Advent of Code 2023: Day 1

Advent of Code is a free, annual coding event where each day in December there are a series of coding and problem solving challenges to solve.

This year I've decided to blog my experience and the key learnings. I am coding it all in Python but many of the lessons or tactics used are agnostic to a language.

Day 1

The problem setup was the following:

... The newly-improved calibration document consists of lines of text; each line originally contained a specific calibration value that the Elves now need to recover. On each line, the calibration value can be found by combining the first digit and the last digit (in that order) to form a single two-digit number.

For example:

1abc2
pqr3stu8vwx
a1b2c3d4e5f
treb7uchet

In this example, the calibration values of these four lines are 12, 38, 15, and 77. Adding these together produces 142.

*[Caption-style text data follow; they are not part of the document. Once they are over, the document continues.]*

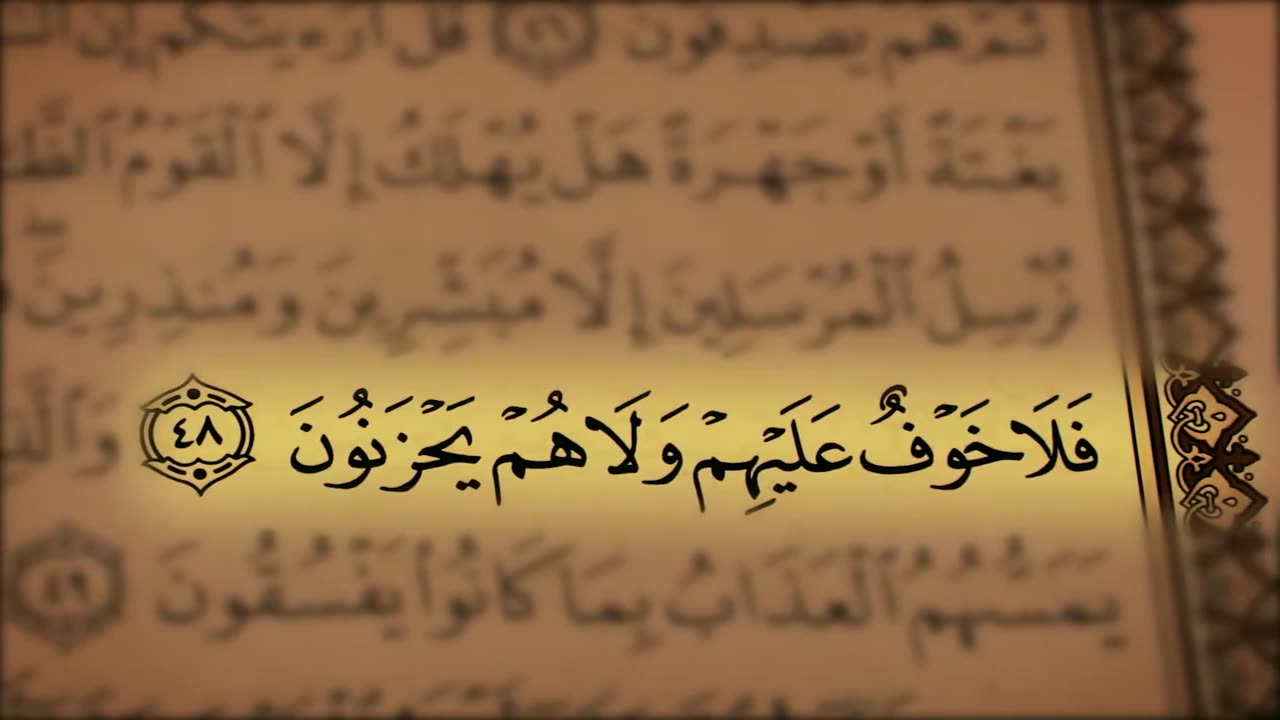 Juz 7 Quran with English audio translation || Para 7 || Quran: 6. Surat Al-An'am English translation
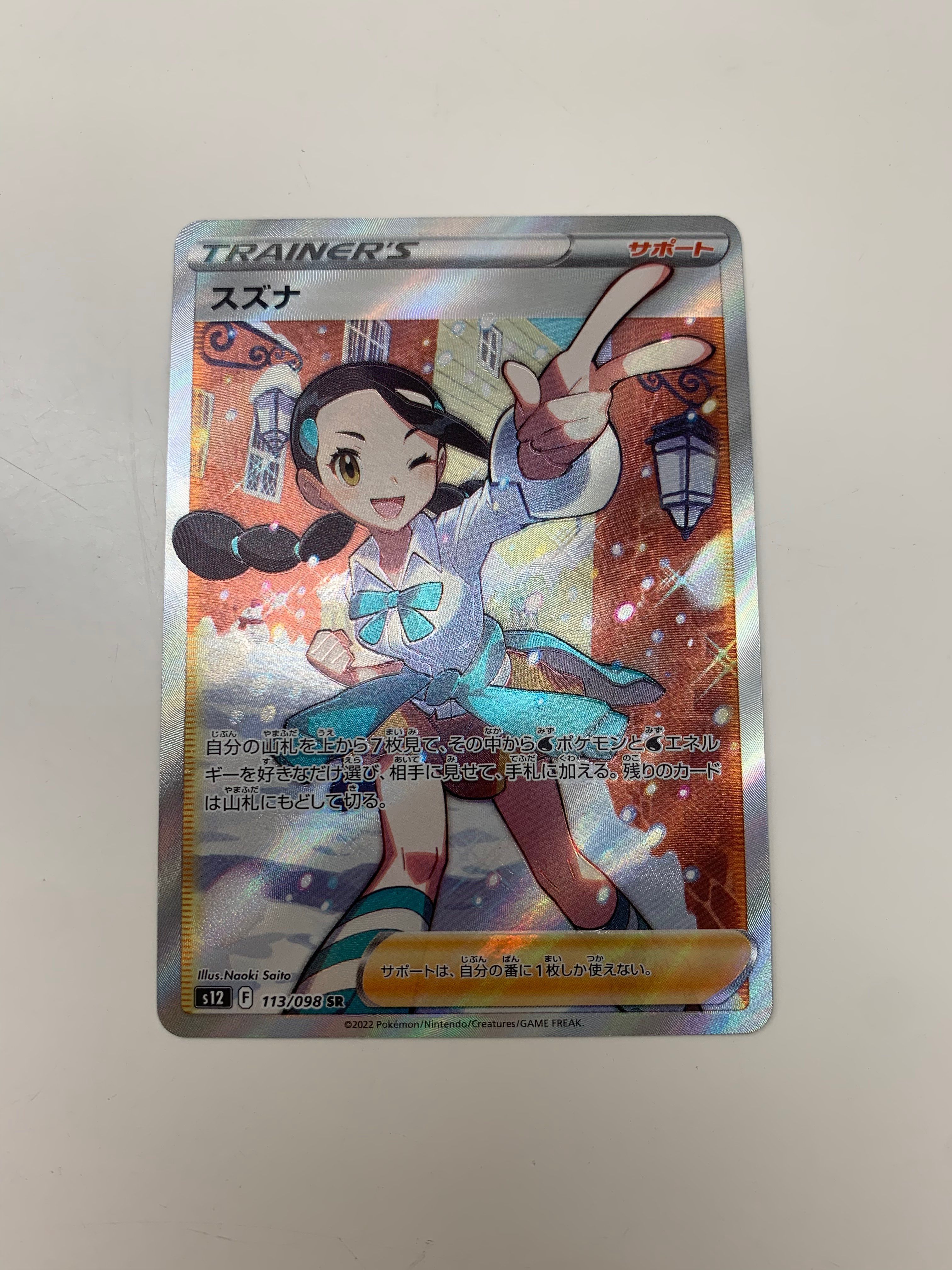 スズナ SR[s12 113/098](拡張パック「パラダイムトリガー」)
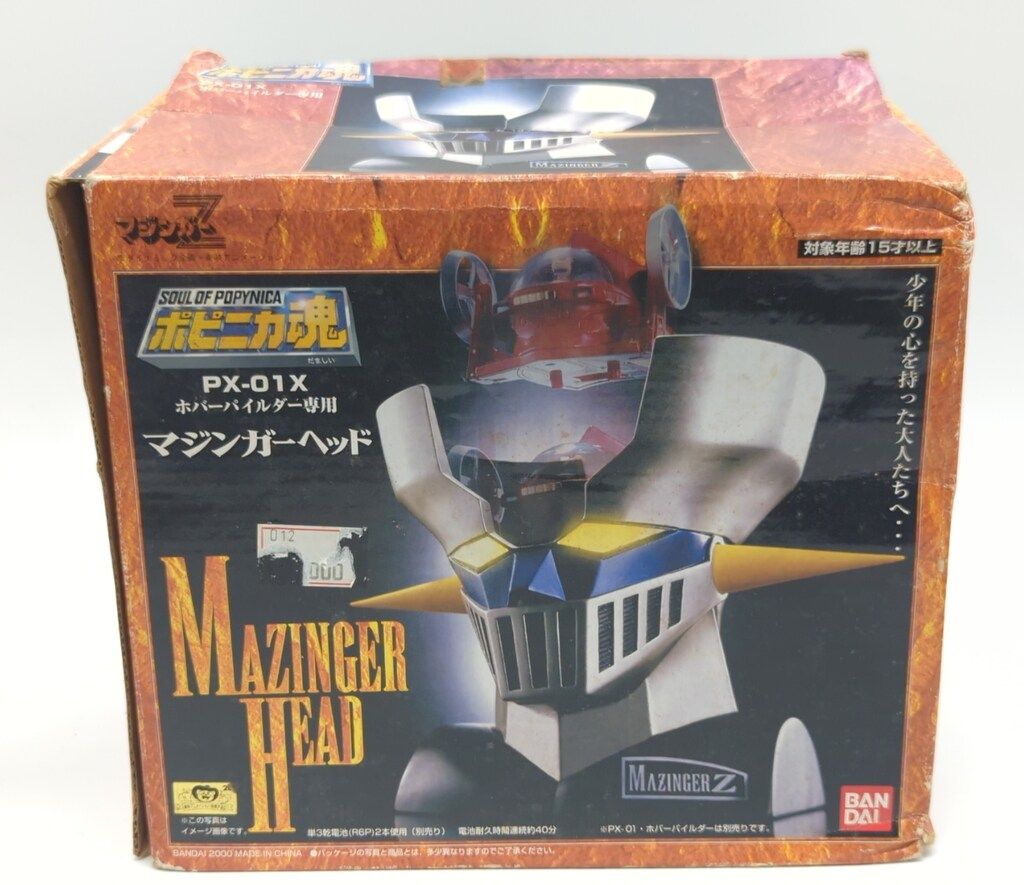 バンダイ ポピニカ魂 マジンガーヘッド PX-01X - メルカリ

Consider your entire calibration document. What is the sum of all of the calibration values?

Part 1

Here's how I broke it down:

Identify all the digits and store them in a list
Extract the first and last digits
Sum them all up

def part1(input):

    numbers = []

    for i in input:
        digits = re.findall(r'[\d]', i)
        first = digits[0]
        last = digits[-1]
        joined = int(f"{first}{last}")
        numbers.append(joined)

    print(sum(numbers))

Part 2

This part added complexity. Within the input strings, there were digits literally spelled out like one, two, three...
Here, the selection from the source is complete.